In response to Braverman’s video explaining the bill, which she posted on Twitter, Lineker — a vocal advocate for refugees and not averse to speaking up about such issues (more on that later) — tweeted his response to his 8 million-plus followers.
“There is no huge influx [of refugees],” he wrote. “We take far fewer refugees than other major European countries. This is just an immeasurably cruel policy directed at the most vulnerable people in language that is not dissimilar to that used by Germany in the 30s.”
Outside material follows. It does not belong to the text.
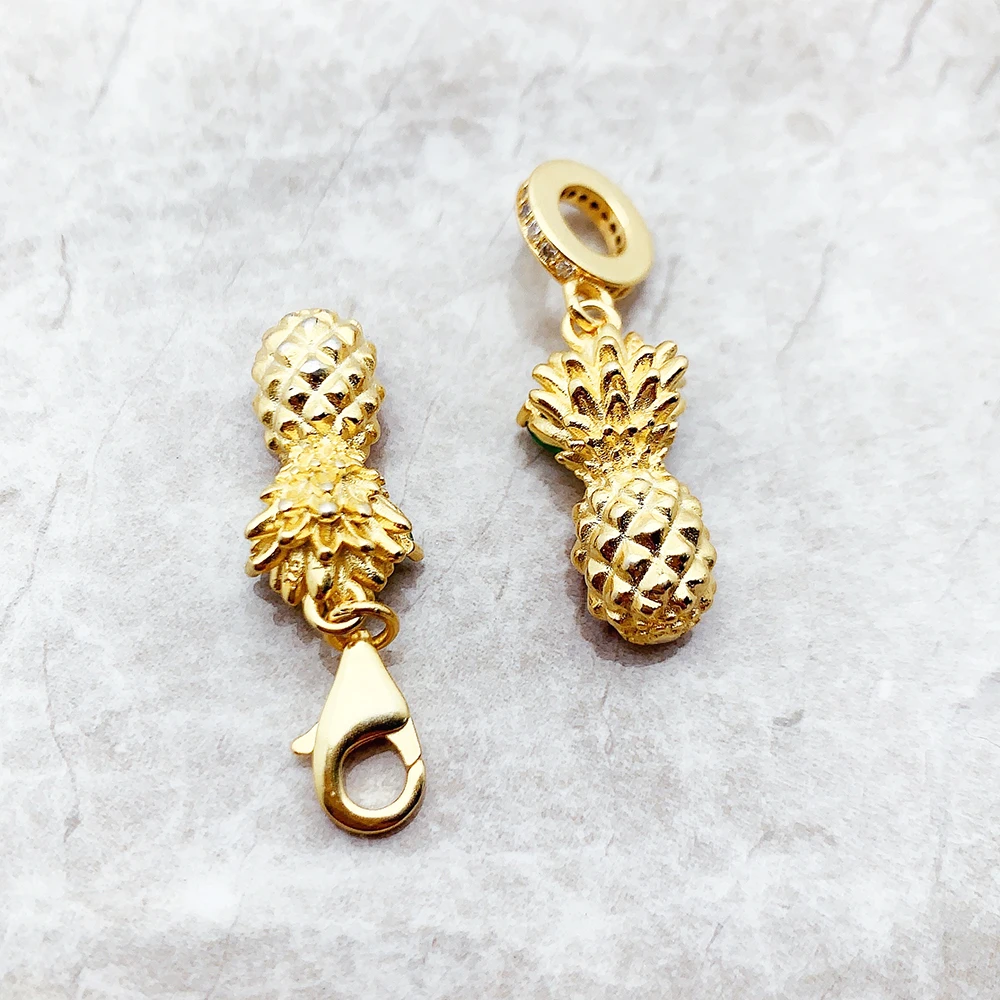 Orecchini Ananas In Argento 925 Placcato Oro Giallo – Aka Gioielli, Made In Italy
The response, initially, was much as you’d expect. Many praised Lineker for speaking up. Many condemned him for speaking up. The U.K.’s largely right-leaning press — which rarely misses an opportunity to bash the BBC or personalities it deems to be politically on its left — went into attack mode. Right-wing tabloid The Daily Mail — which frequently condemns so-called “cancel culture” — said Lineker should be fired.
Then the government got involved.
A day after Lineker’s tweet, the press secretary of U.K. Prime Minister Rishi Sunak told reporters it was “disappointing” to see “that kind of rhetoric” from someone whose salary was paid by the license fee, the national TV tax that is the main source of funding for the BBC. They said it was “up to the BBC” to decide how to respond. Several government ministers also chimed in, criticizing Lineker and demanding the BBC sanction him.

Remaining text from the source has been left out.